Short web captions
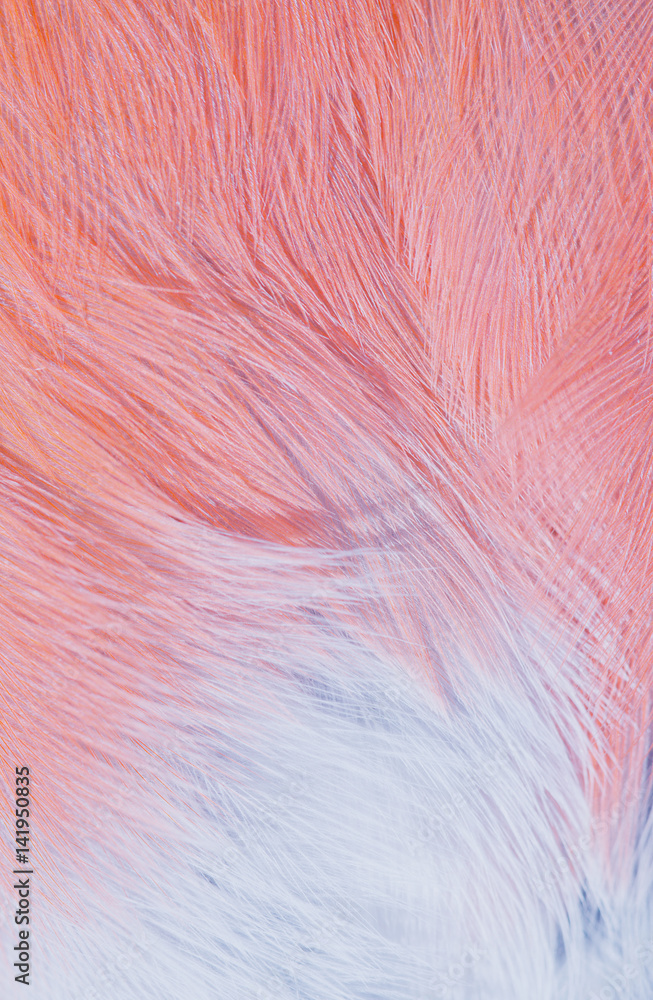 Obraz premium plumage background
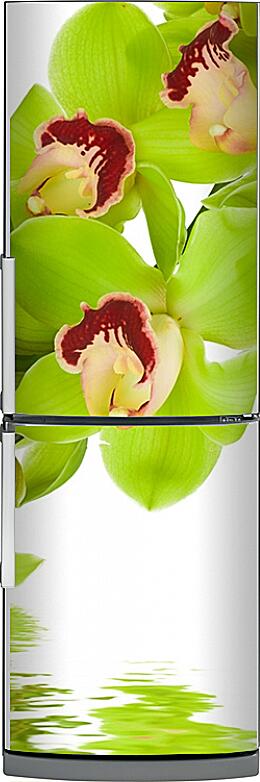 Магнитная панель на холодильник - Орхидеи над водой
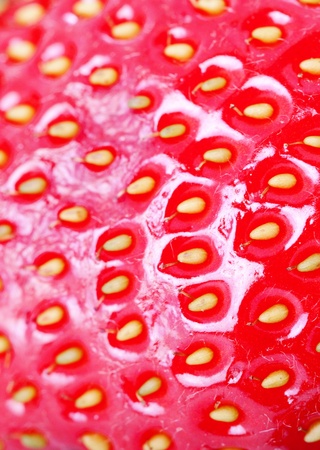 Image of a bright juicy fresh strawberrieの写真素材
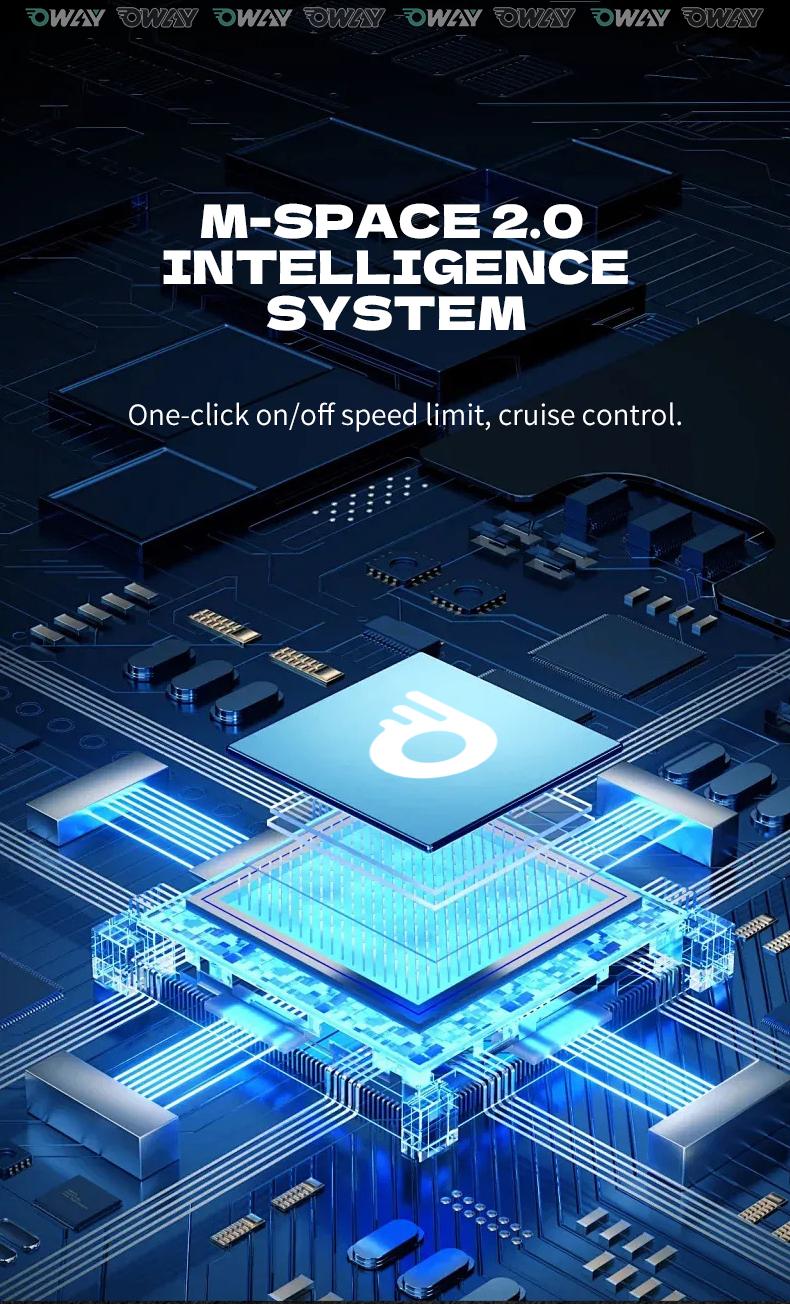 OWAY Black Warrior electric bicycle sk-1 ultra 3000W 60v 50ah High Speed Long Range 62mile high fatebike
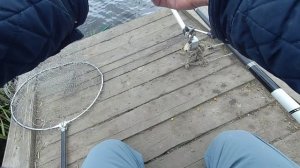 Пруд пеньки 11.05.2022 г.MP4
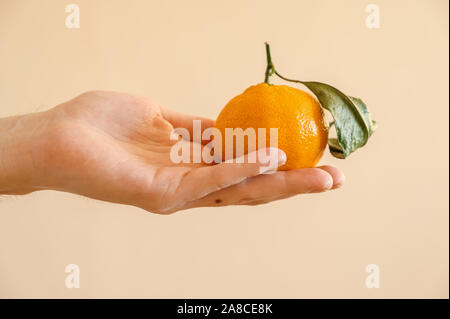 Maschio di mano trattiene il mandarino su sfondo chiaro. Foto Stock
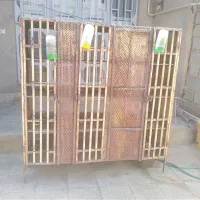 جفتگاه گنجه کبوتر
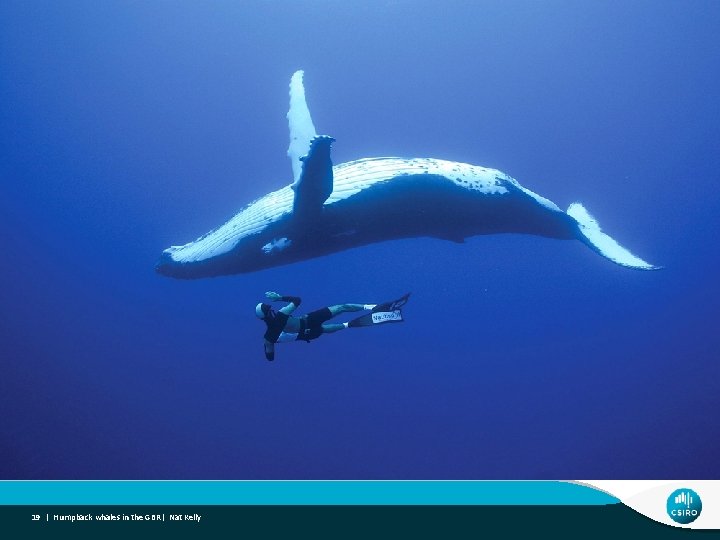 19 | Humpback whales in the GBR| Nat Kelly 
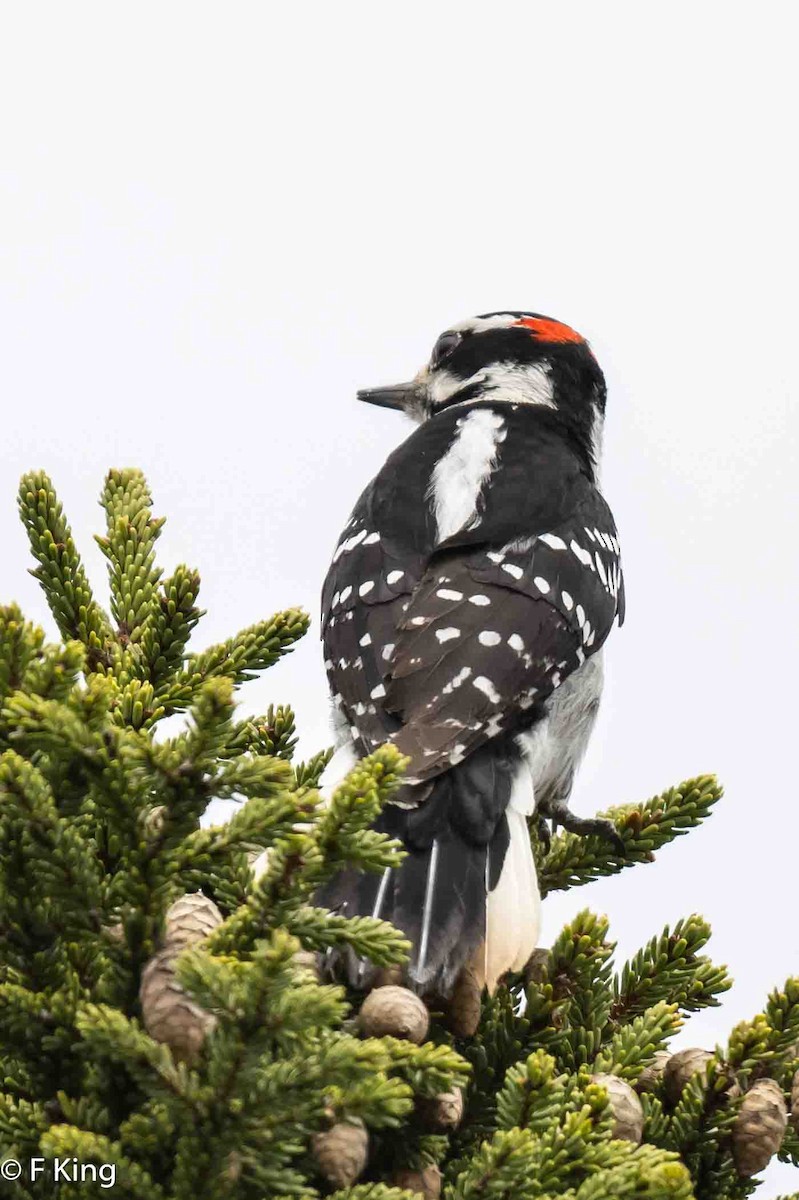 Hairy Woodpecker - ML619524155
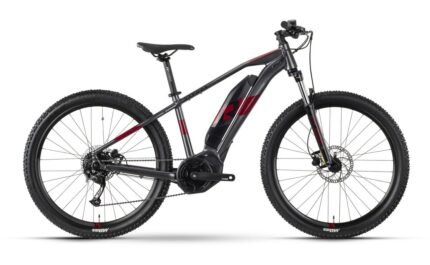 Raymon HardRay E 3.0 T350 500 Wh 29 Zoll.jpg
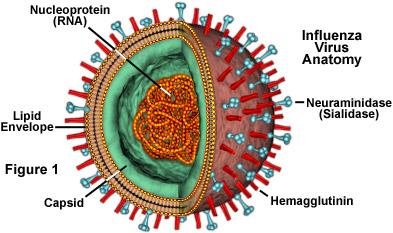 Ptasia grypa (Avian Influenza) Wywoływana przez Typ A wirusa grypy. Występuje na całym świecie i dotyczy wszystkich gatunków ptaków.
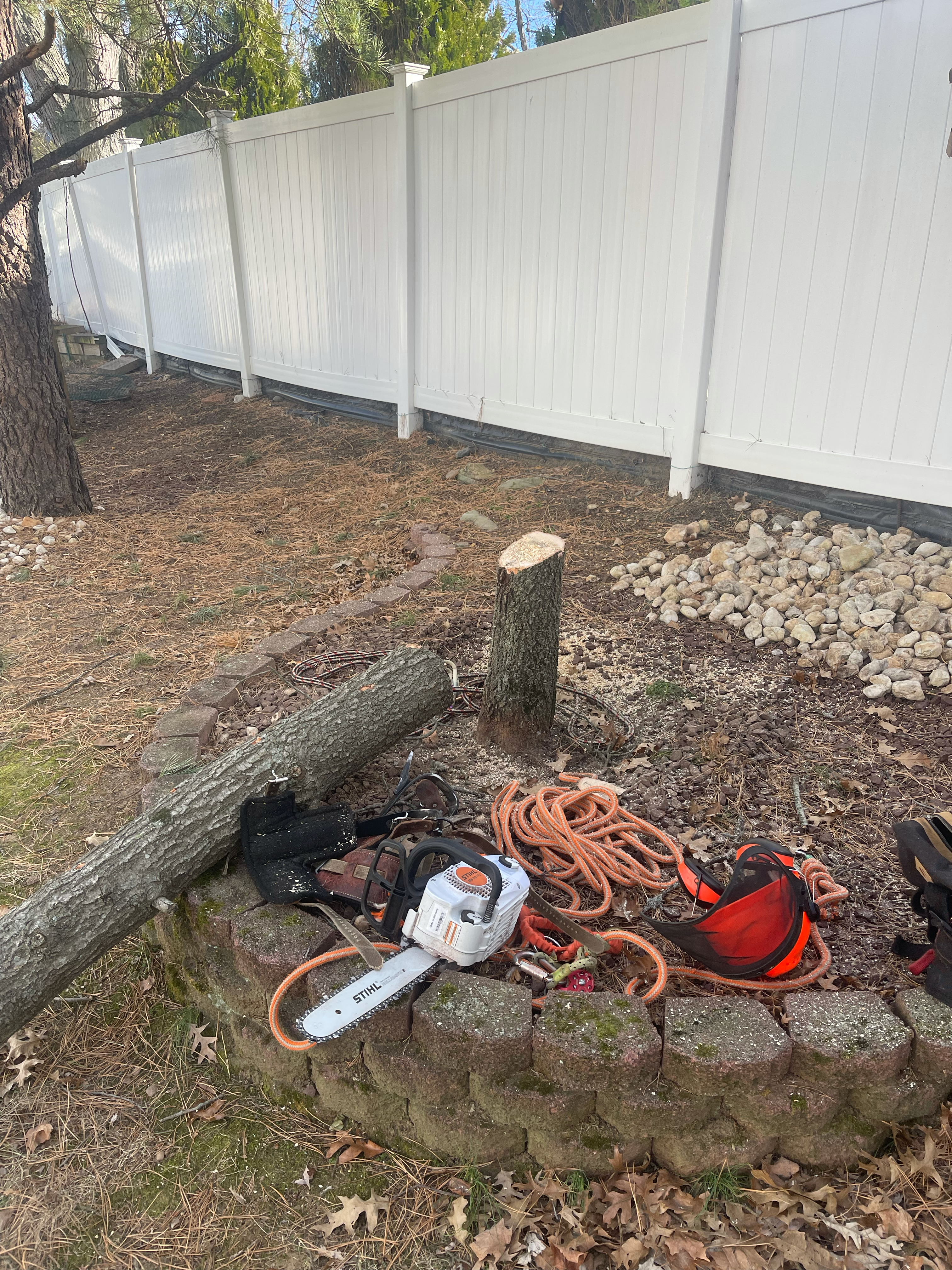 Fresnos Tree Service LLC in New Brunswick, NJ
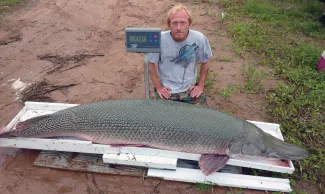 A state record alligator gar sits on a scale and reads 254.7 lbs.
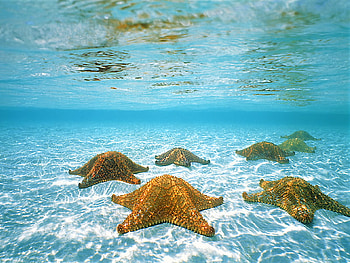 Aquarium HD wallpaper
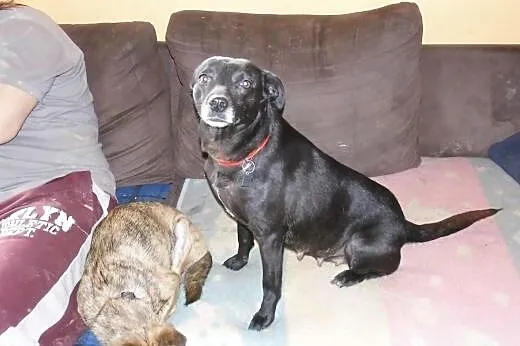 Tina, sunia uratowana,  opolskie Opole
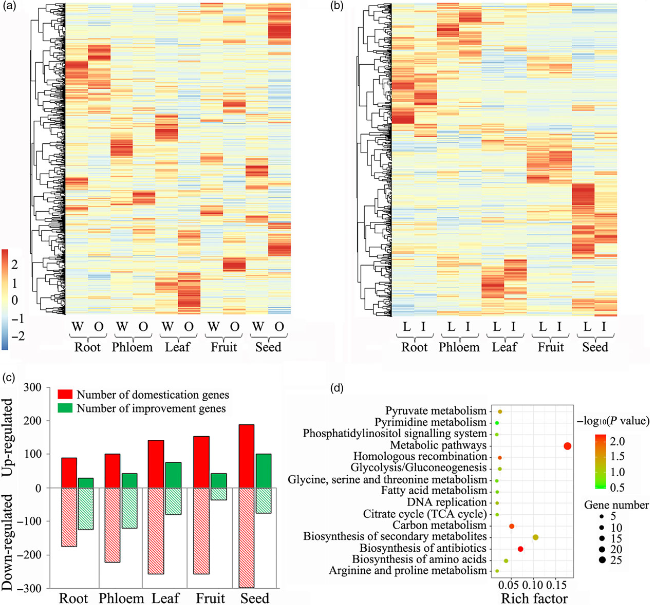 1658918250204032.png 3.png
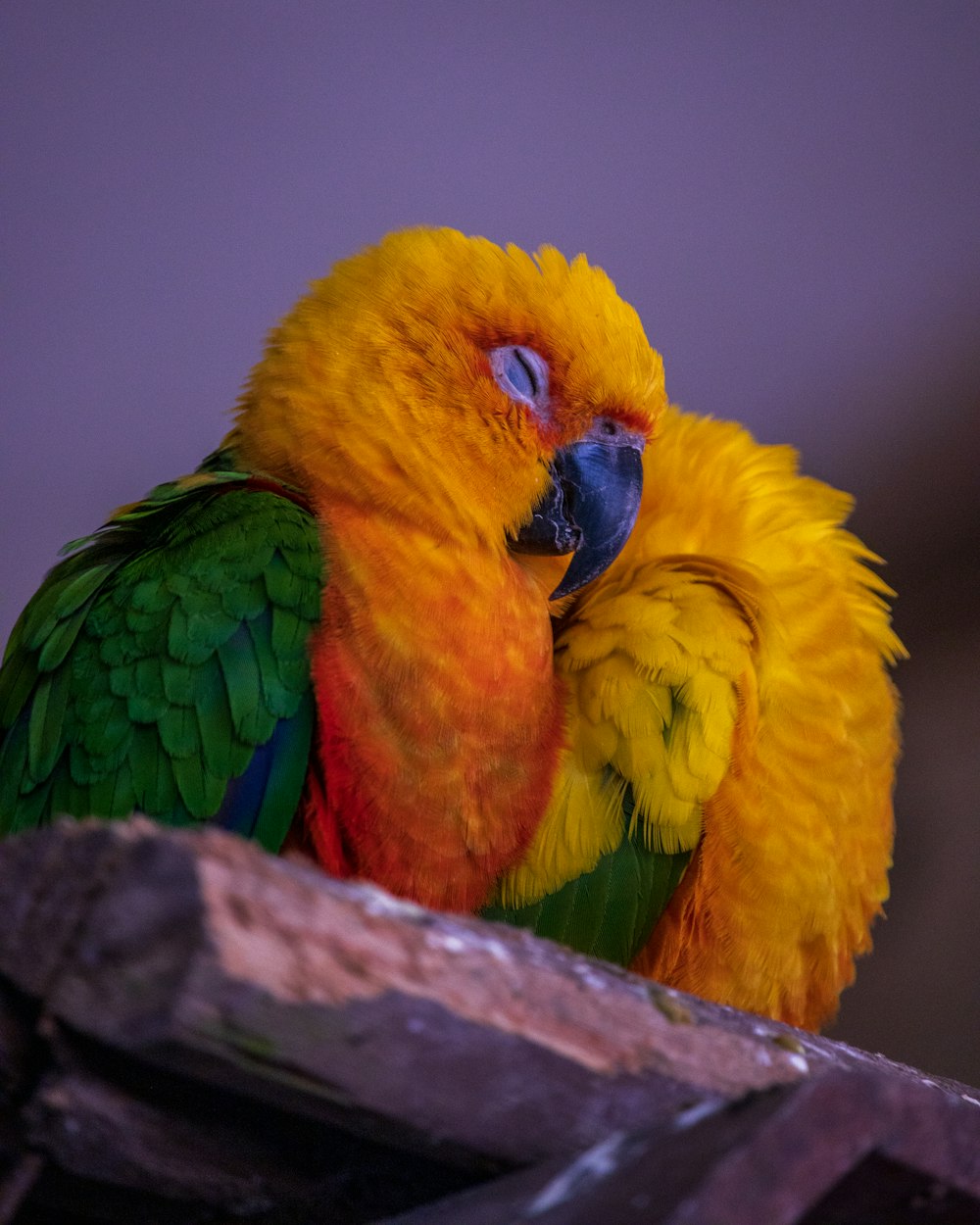 yellow green and blue bird on brown tree branch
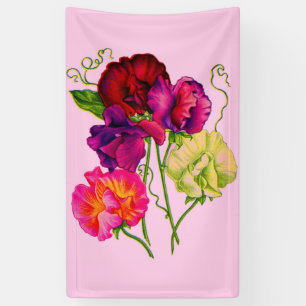 sweet pea in purple and pink banner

#### What is required:
Quote precisely the lines of the data from the line containing "Ptasia grypa (Avian" through its final line, both included, excluding pictures.

#### Answer space:
 Ptasia grypa (Avian Influenza) Wywoływana przez Typ A wirusa grypy. Występuje na całym świecie i dotyczy wszystkich gatunków ptaków.
 Fresnos Tree Service LLC in New Brunswick, NJ
 A state record alligator gar sits on a scale and reads 254.7 lbs.
 Aquarium HD wallpaper
 Tina, sunia uratowana,  opolskie Opole
 1658918250204032.png 3.png
 yellow green and blue bird on brown tree branch
 sweet pea in purple and pink banner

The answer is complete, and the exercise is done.